● Dataset entries:

# # # #

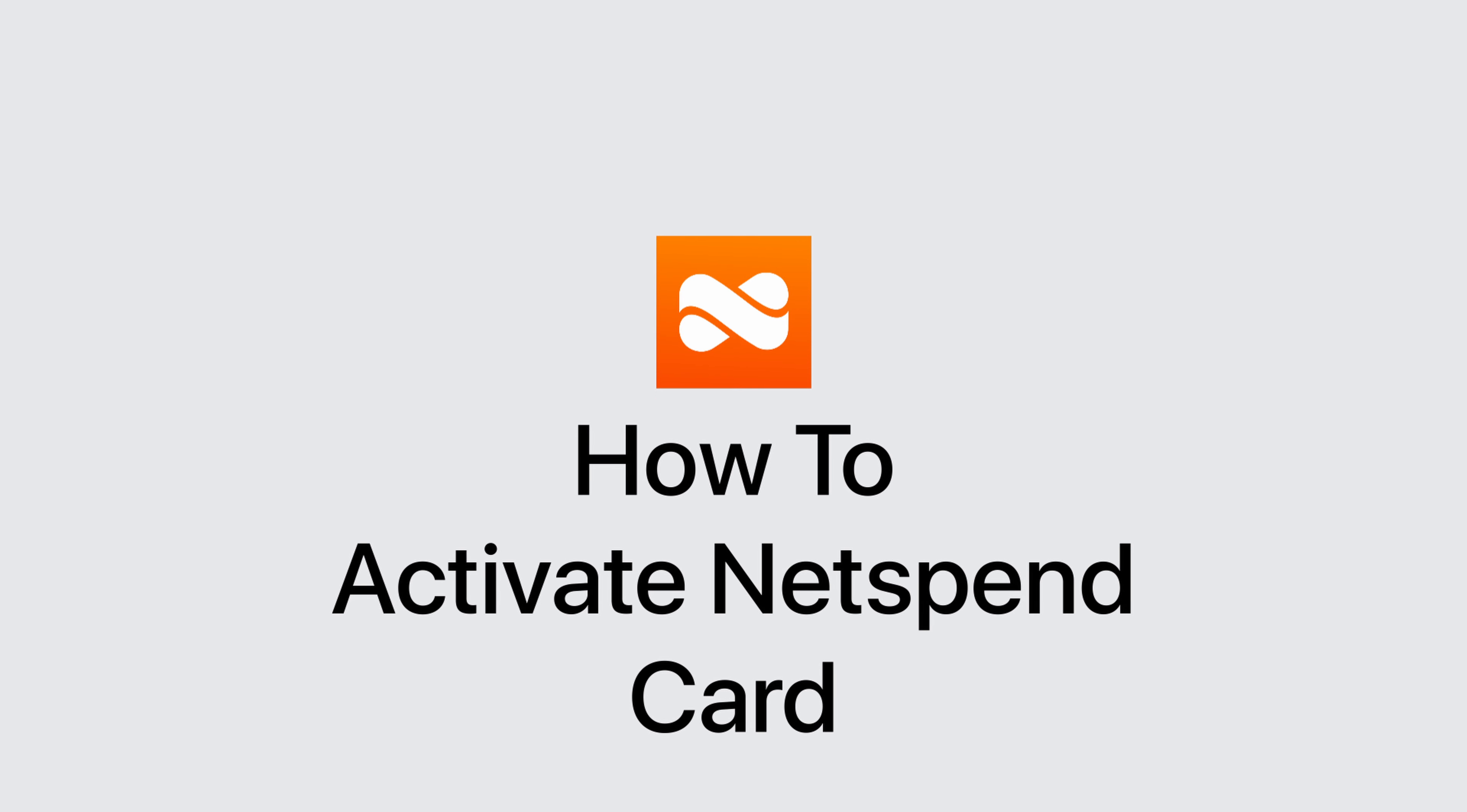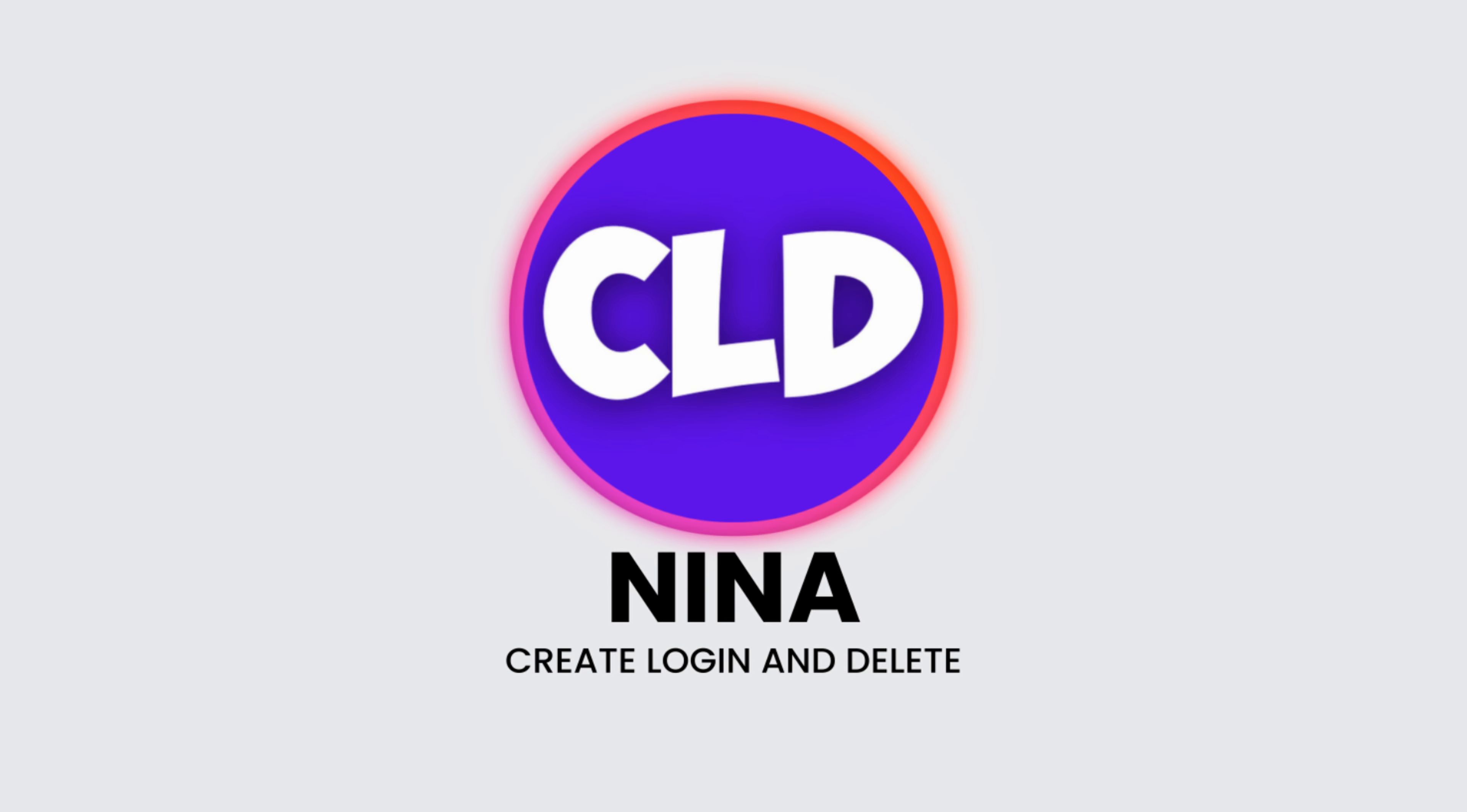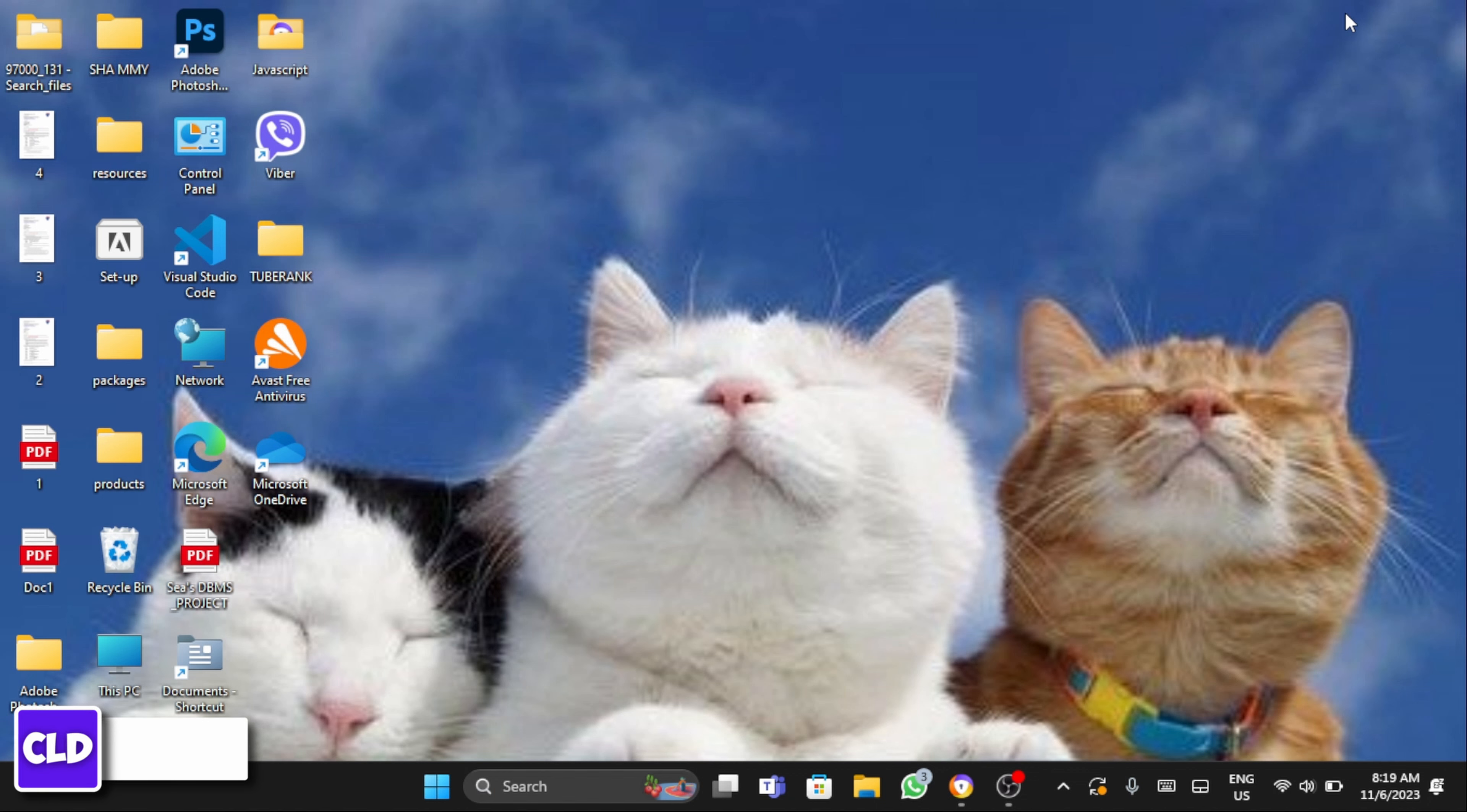How to activate Netspend card. Hey everybody, this is Nina, welcome back to our channel and let's get started. Open up any of your web browser.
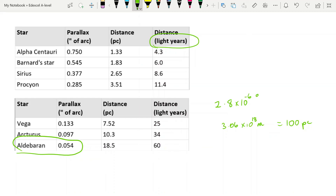Clearly we need some other methods of finding the distances to stars that are further away than 100 parsec. And we know also that there are other galaxies — so how do we find the distances to those? That will be covered in the coming videos.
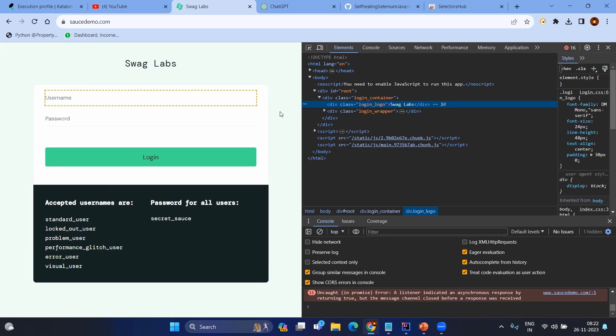In normal automation without self-healing, we will get an error, go to the code, find the no such element exception, and try to locate the broken locator. This looks simple for a small test, but in end-to-end testing it will totally break your flow and you need to start from scratch. Or it will give a false negative — even though there is no functionality change, automation tells you it is failing. To avoid this scenario, we are going to use self-healing in Selenium Java itself.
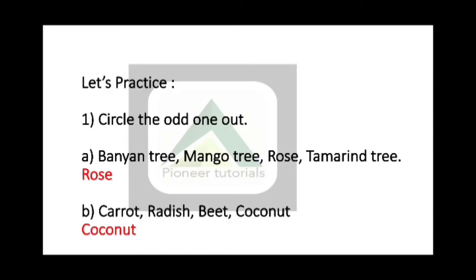Circle the odd man out: Banyan tree, mango tree, rose, tamarind tree. Yes, rose is the odd man out. Why? Because all others are trees, and rose is a shrub.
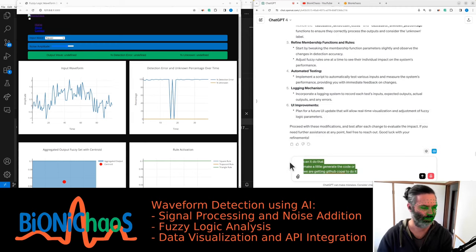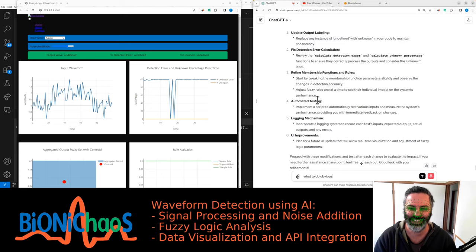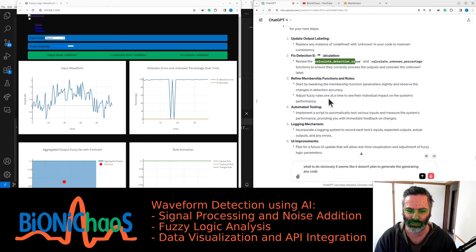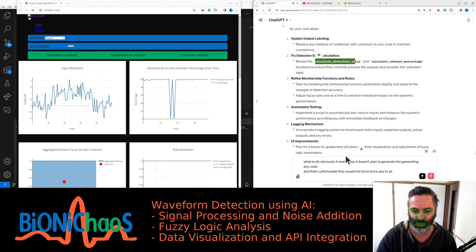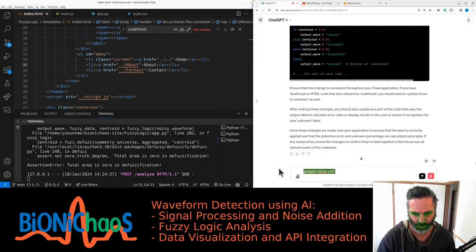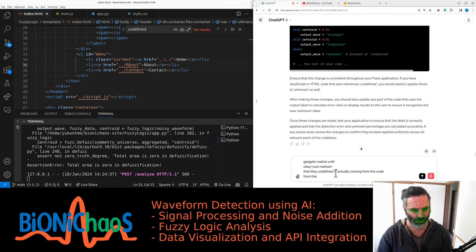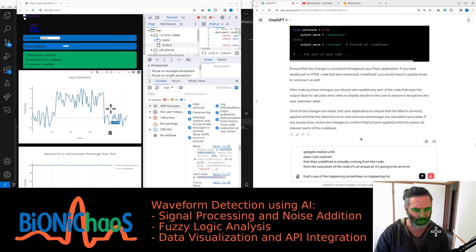We can generate the code or use GitHub Copilot. It seems GPT doesn't plan to generate any code, which is unfortunate — we may have to force it or use Copilot instead. We also realized that 'undefined' is actually coming from the execution of the code — it's an actual runtime error. It only happens sometimes, not for all input waveforms; most input waveforms work okay.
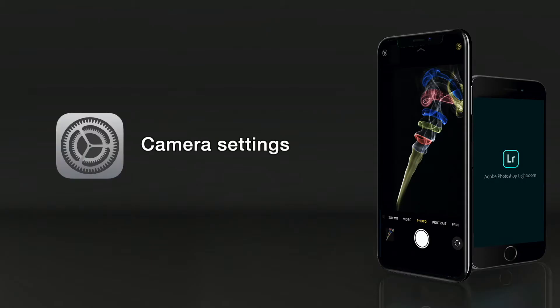Camera settings. Before we go into this section, I would like to say that this is a choice factor whether you'd like to put these settings in or not. I'm just pointing them out as a general rule, because they will improve the output and speed of your photography.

# # # #

Only the lines from the line holding "We can generate" through the last line above belong in the answer, repeated exactly; the pictures do not.

● Solution for this problem:
We can generate the code or use GitHub Copilot. It seems GPT doesn't plan to generate any code, which is unfortunate — we may have to force it or use Copilot instead. We also realized that 'undefined' is actually coming from the execution of the code — it's an actual runtime error. It only happens sometimes, not for all input waveforms; most input waveforms work okay.
Camera settings. Before we go into this section, I would like to say that this is a choice factor whether you'd like to put these settings in or not. I'm just pointing them out as a general rule, because they will improve the output and speed of your photography.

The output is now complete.